The poster advertises the new Spitfire IIB – with a larger engine than the Mk I, and armed with two cannons and four machine guns, rather than the original eight machine guns which was . The version published in the Daily Mail articles was overprinted with a message to Packard War Workers in the United States. It is assumed that the Spanish version here was either related to the production of Hispano cannon – for all that the cannon were made under licence in the UK, or related to the Hispanic US population engaged in the production of Spitfire parts in the US.

The Mk II was put into production before the Battle of Britian, so this poster dates to a time before the Spitfire had become the saviour of Britain. A very rare survivor.

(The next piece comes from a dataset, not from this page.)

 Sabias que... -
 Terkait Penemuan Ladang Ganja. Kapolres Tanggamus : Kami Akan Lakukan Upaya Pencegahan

With an even more powerful Rolls-Royce “Merlin” engine, the “Spitfire” enters the lists again, re-engined and re-armed. It is now armed with two cannon and four machine guns. The official speed of “Spitfire I” was over 366 m.p.h. at 18.500 feet. The rate of initial climb was 2,300 feet per minute. Points in “Spitfire” design are its all-metal construction, stressed metal covering, outwards retracting undercarriage. Fixed tail wheel, radiator under starboard wing, are other points. Wing-span is 36 feet 10 inches; height, 11 feet 5 inches. The Supermarine “Spitfire I” was evolved from the seaplance which wone the Schneider Trophy, for the third successive time and outright in 1931. “Achtung Schpitfeuer” are still the last words many a Nazi airman will hear.